Work to be completed:
Beginning with the line where "オードリー・ヘプバーンの孫がモデルデビュー 画像" appears, set down each line exactly until the records below end, and omit the pictures.

- - - -

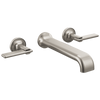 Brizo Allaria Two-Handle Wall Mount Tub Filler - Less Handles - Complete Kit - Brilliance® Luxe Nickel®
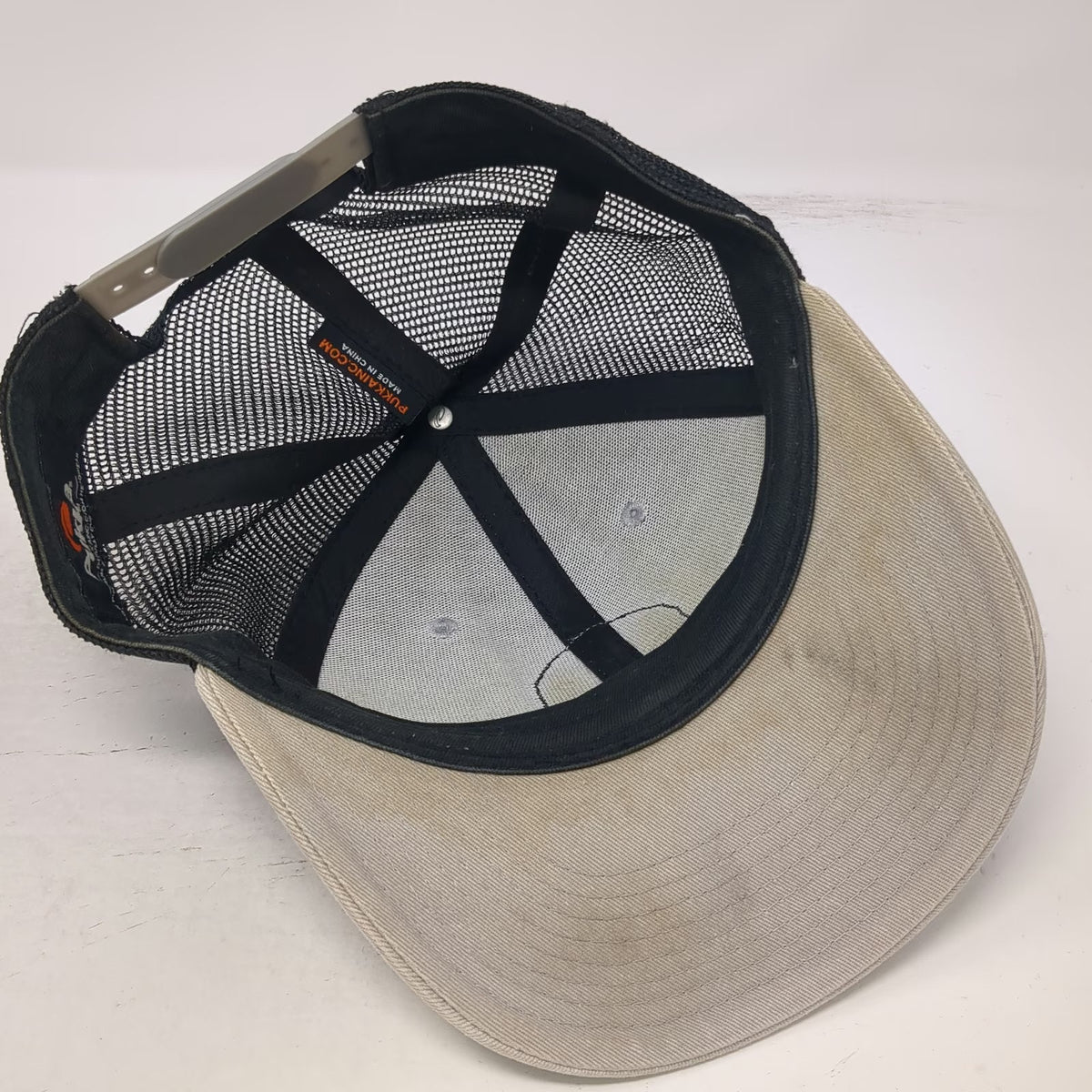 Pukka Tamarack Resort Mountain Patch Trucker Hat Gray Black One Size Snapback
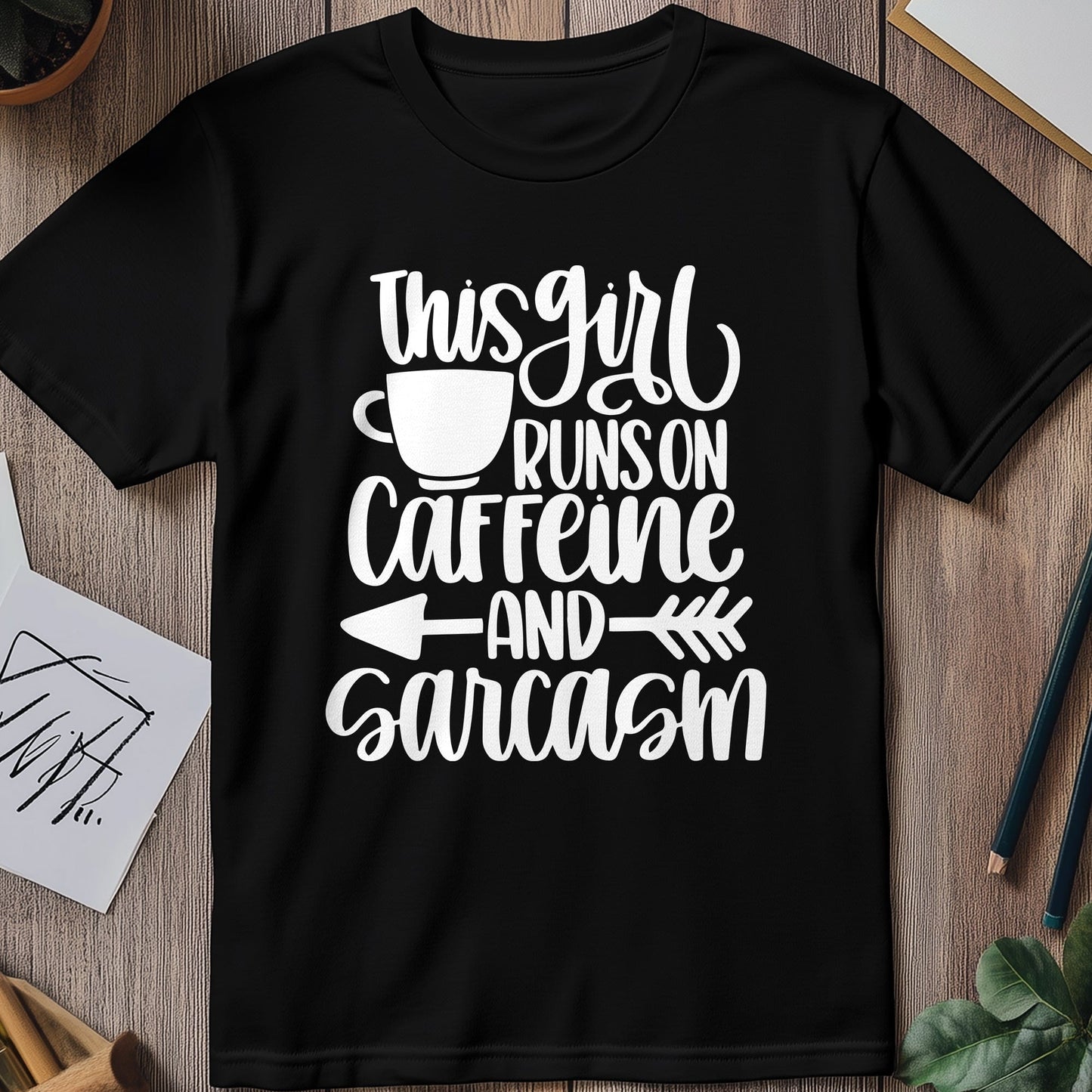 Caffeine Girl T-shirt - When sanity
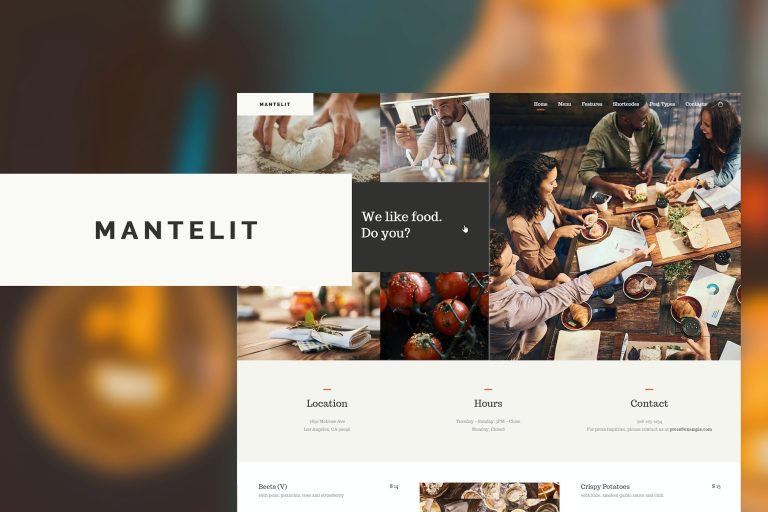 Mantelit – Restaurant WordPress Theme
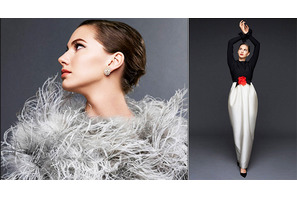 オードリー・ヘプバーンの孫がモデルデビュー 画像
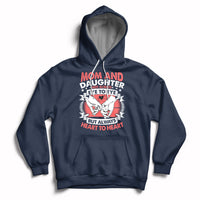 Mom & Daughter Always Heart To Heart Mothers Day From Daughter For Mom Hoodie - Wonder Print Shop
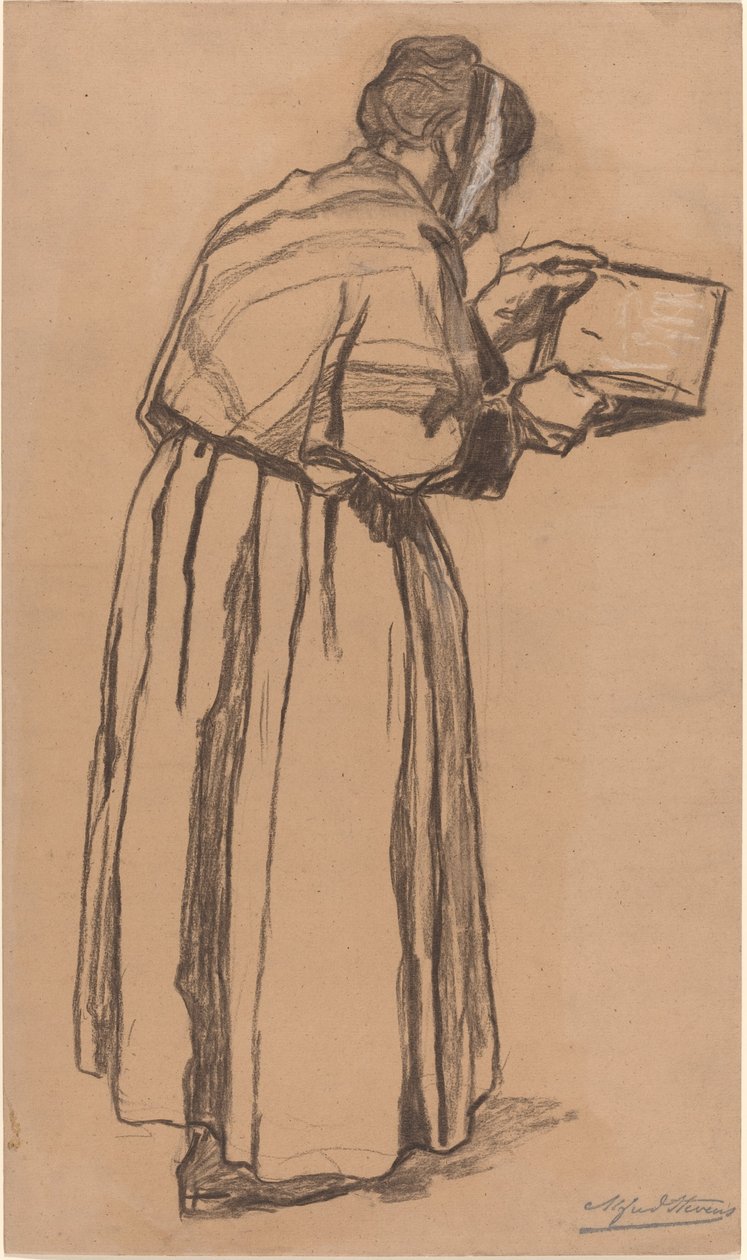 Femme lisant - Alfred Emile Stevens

- - - -

Result of the task:
 オードリー・ヘプバーンの孫がモデルデビュー 画像
 Mom & Daughter Always Heart To Heart Mothers Day From Daughter For Mom Hoodie - Wonder Print Shop
 Femme lisant - Alfred Emile Stevens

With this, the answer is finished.